Omicidio Pamela, ipotesi sacrificio rituale nigeriano

di | 13 febbraio 2018 | attualità | 0 commenti

Sul caso dell’omicidio di Pamela si fa strada l’ipotesi del sacrificio rituale. Infatti, da quanto si apprende, secondo le indagini, i quattro  nigeriani arrestati potrebbero aver compiuto un sacrificio umano, secondo precisi riti tribali.

Visto che dall’autopsia sul cadavere martoriato di Pamela sono state trovate tracce che portano esattamente in quella direzione. A spingere verso questa pista è proprio la scientifica che dopo l’autopsia sul cadavere ha notato che il corpo della giovane “è stato tagliato in modo ‘scientifico’ e tutti gli organi sono presenti”. Un dettaglio che fa pensare proprio a qualcosa di macabro collegato alla nazionalità degli indagati. 

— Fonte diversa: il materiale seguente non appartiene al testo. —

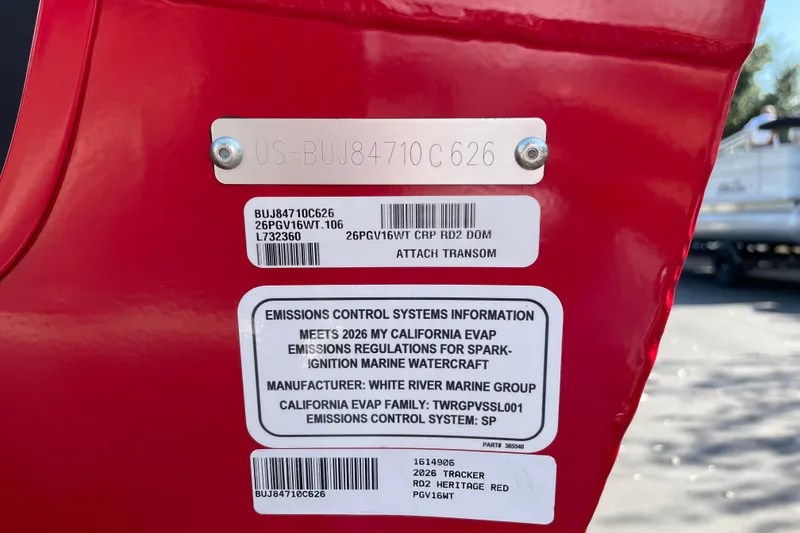Slide: The Image of 2026 Tracker Pro Guide V-16 WT boat emissions label on red transom. - 26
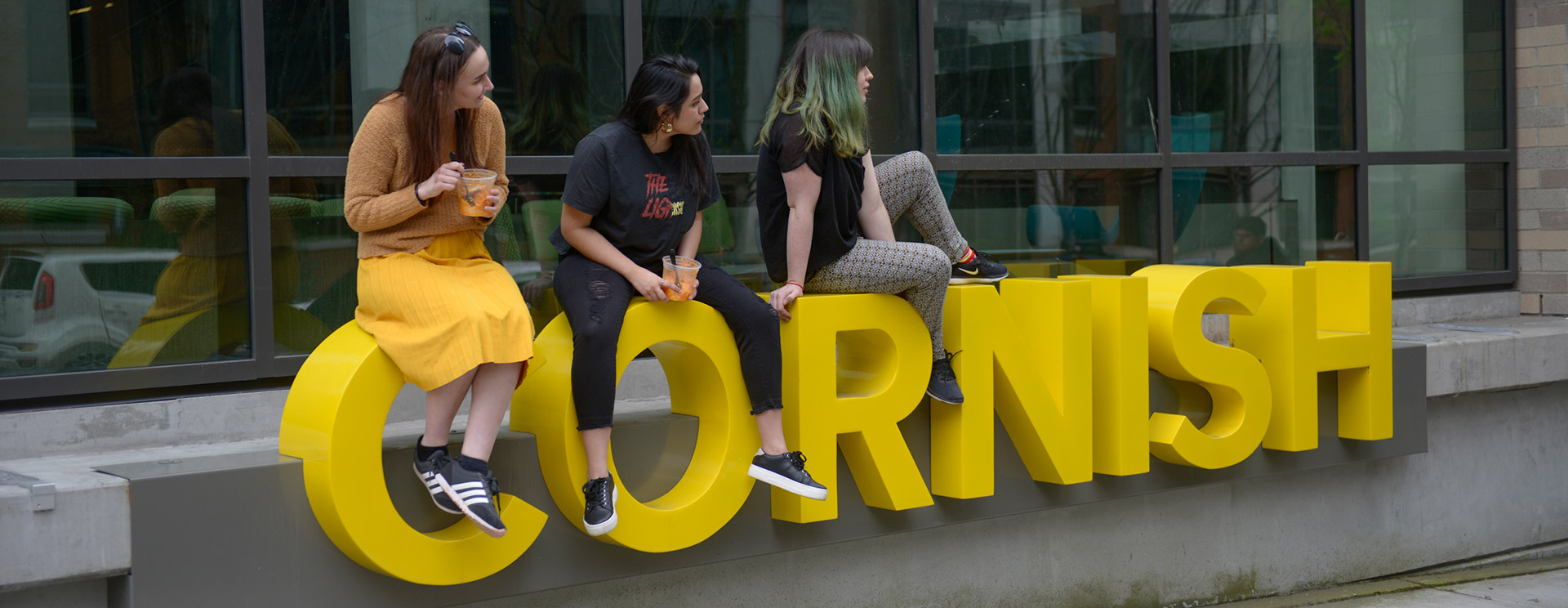 Three Cornish Students at Commons sitting on letters that spell 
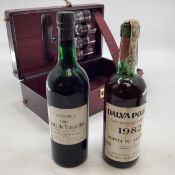 Two bottles of vintage port Dalva Porto 1982, Taylors Quinta de Vargellas 1967. Contained within a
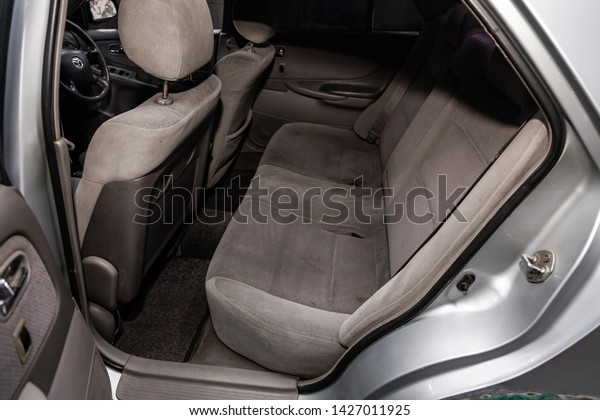 Novosibirsk, Russia – June 14, 2019:  Mazda\
Capella, close-up of the gray  rear seats with seats belt. modern\
car interior\
\
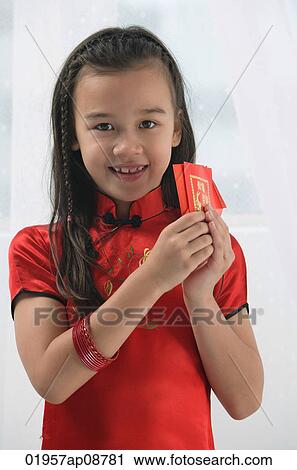 Stock Image - Young girl in traditional Chinese dress and looking at camera. Fotosearch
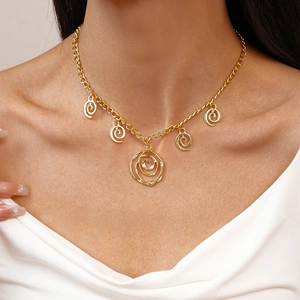 Close-up of golden rose pendant and spiral charms on an O-chain necklace on model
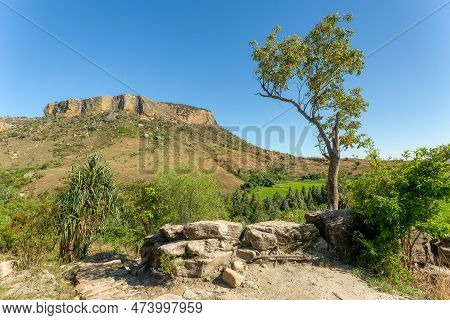 Isalo National Park In Ihorombe Region. Wilderness Landscape With Water Erosion Into Rocky Outcrops,
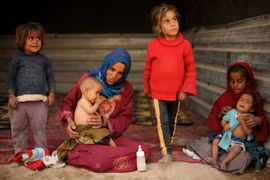 Người dân Syria tại một trại tị nạn ở Đông Ghouta. (Ảnh: AFP/TTXVN)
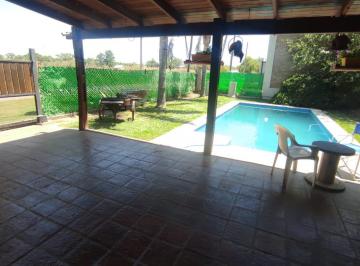 Casa · 90m² · 4 Ambientes · 2 Cocheras · Casa en Roldan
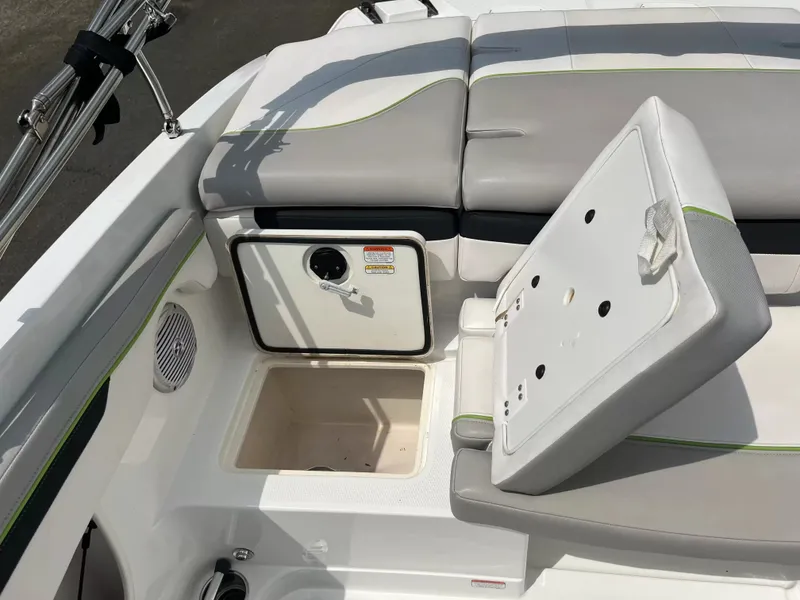 Slide: The Image of The image shows the cockpit of a 2018 Tracker TAHOE 700 MOK with gray upholstery. - 6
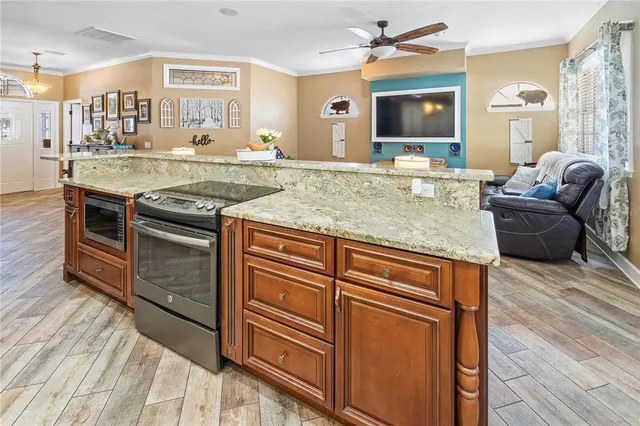 a kitchen with granite countertop white cabinets and stainless steel appliances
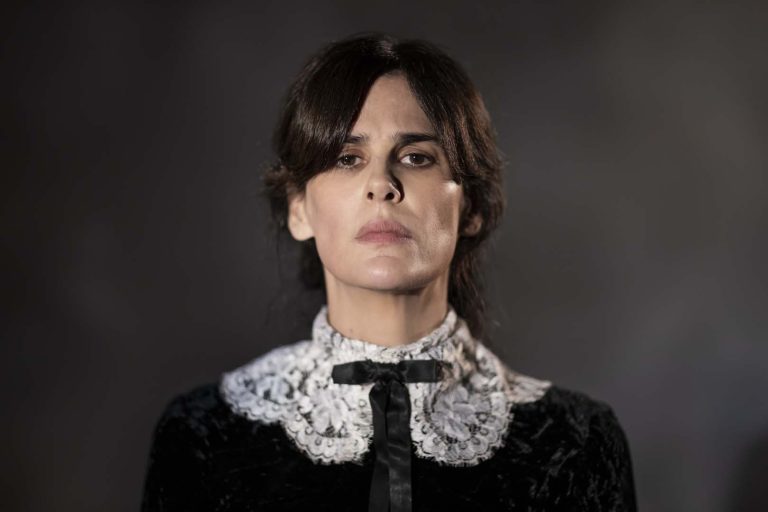 SAO PAULO, SP, BRASIL, 15-04-2023: Dayse se apresenta para os professores do Liceu, que a subestimam, ela não consegue ler sua peça.. Na São Paulo de 1919, a operária de uma gráfica ganha uma bolsa para estudar em Paris e concretizar o desejo quase impossível de tornar-se autora de teatro. Porém, engravida do amante que não quer que ela vá. Com poucos recursos financeiros, ela irá enfrentar uma secreta e violenta jornada para realizar um aborto clandestino, enquanto luta para levar adiante o sonho de imprimir sua voz em um mundo onde as mulheres sequer são donas do próprio corpo. - (Foto: Fabio Braga/Pivô Audiovisual) DIVULGAÇÃO.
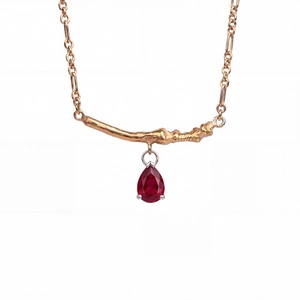 Detailed view of teardrop red zircon necklace with gold branch design on white background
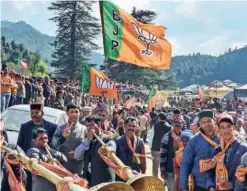  ?? ?? BJP SUPPORTERS in the nomination rally of Chief Minister Jai Ram Thakur, who will contest from Seraj constituen­cy, on October 19.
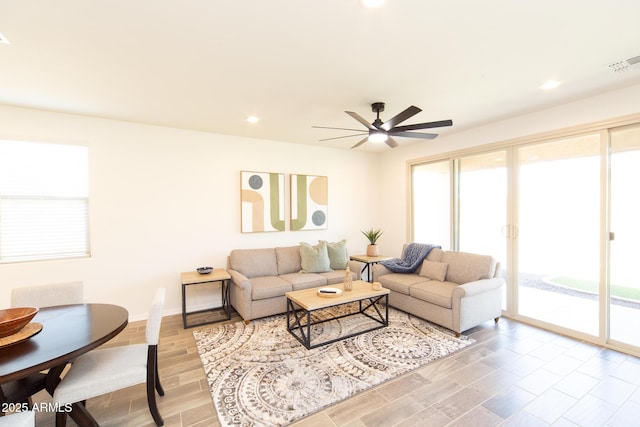 living room featuring ceiling fan and light wood-type flooring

Infatti, in Nigeria, specie nel Sud, come descritto in un rapporto dell’Ufficio immigrazione e rifugiati in Canada, pubblicato nel 2012 e presente sul sito del Unhcr, vengono perpetrati rapimenti e delitti per smembrare e vendere parti di arti e organi. Si descrivono azioni atroci che vedono coinvolti bambini,  donne, ma anche gente con disabilità nella convinzione che tali azioni accrescerebbero “la forza” e “il potere”. Azioni  legate soprattutto quindi  “al soprannaturale”. Infine, i resti dei cadaveri verrebbero usati  anche per la preparazione per  “pozioni di ricchezza” .

Tornando in Italia, è di  ieri la notizia che a soli 3 mesi dall’insediamento, salta il questore di Macerata Vincenzo Vuono. È lui il primo a pagare i dieci giorni d’inferno vissuti dalla città, cominciati con la morte di Pamela, proseguiti con il raid xenofobo di Luca Traini e finiti con le polemiche sulla manifestazione antifascista, prima cancellata e poi autorizzata. “Un normale avvicendamento” dicono ufficialmente al Dipartimento della Pubblica Sicurezza, ma la realtà, di cui è stato informato anche il ministro dell’interno Marco Minniti, è un’altra.

“C’era bisogno di un cambio di passo” spiegano fonti qualificate della Polizia. Aggiungendo che Franco Gabrielli la decisione non l’ha certo maturata questa mattina, quando la notizia è diventata pubblica: già venerdì scorso il capo della Polizia aveva mandato a Macerata il direttore dell’ordine pubblico del Dipartimento, Massimiliano Zanni, per ‘mediare’ nell’incontro con i comitati promotori della manifestazione e partecipare al tavolo tecnico che ha messo a punto il dispositivo di sicurezza. E sabato, sempre su decisione di Gabrielli, la gestione della piazza, della disposizione delle forze di polizia in strada e delle eventuali criticità, è stata affidata ad altri due funzionari di Polizia, uno arrivato da Roma e uno da Firenze.

Due mosse che lasciavano già presagire quel “cambio di passo” che si è poi concretizzato ieri mattina. Vuono torna dunque a Roma, dove ha trascorso buona parte della sua carriera: dal 1995 al 2012 ha diretto tre commissariati della capitale (Borgo, Primavalle e Salario-Parioli), quello di Tivoli e quello di Ostia, per poi passare all’Ispettorato Vaticano e assumere il suo primo incarico di questore a Isernia. Sostengono fonti sindacali locali che in questura a Macerata la notizia l’hanno appresa solo questa mattina e che sono rimasti molto amareggiati per le modalità con cui il questore è stato mandato via. Anche perché a Vuono non sarebbe contestata nessuna decisione ‘tecnica’ in particolare.

Ma è proprio questo, ribadiscono al Dipartimento, il punto: le motivazioni vanno ricercate in un’accezione più ampia della gestione dell’intera vicenda. Macerata, in sostanza, non è più quella di dieci giorni fa e serve dunque un cambio di passo, con una persona che abbia un’attenzione diversa e un approccio più adeguato alle responsabilità che spettano all’autorità di pubblica sicurezza.

A Macerata arriva quindi il dirigente superiore Antonio Pignataro, fino ad oggi direttore del II servizio della Direzione centrale per i servizi Antidroga. Un ufficio che svolge attività di analisi, sia a livello nazionale che internazionale, sul fenomeno del narcotraffico e sui reati ad esso correlati. Un esperto di lotta alla droga, dunque. E proprio lo spaccio a cielo aperto nei giardini e nelle piazze di Macerata è uno dei problemi più sentiti dai cittadini, che lo hanno detto a gran voce da quando la città è piombata nell’incubo con il ritrovamento del corpo martoriato di Pamela.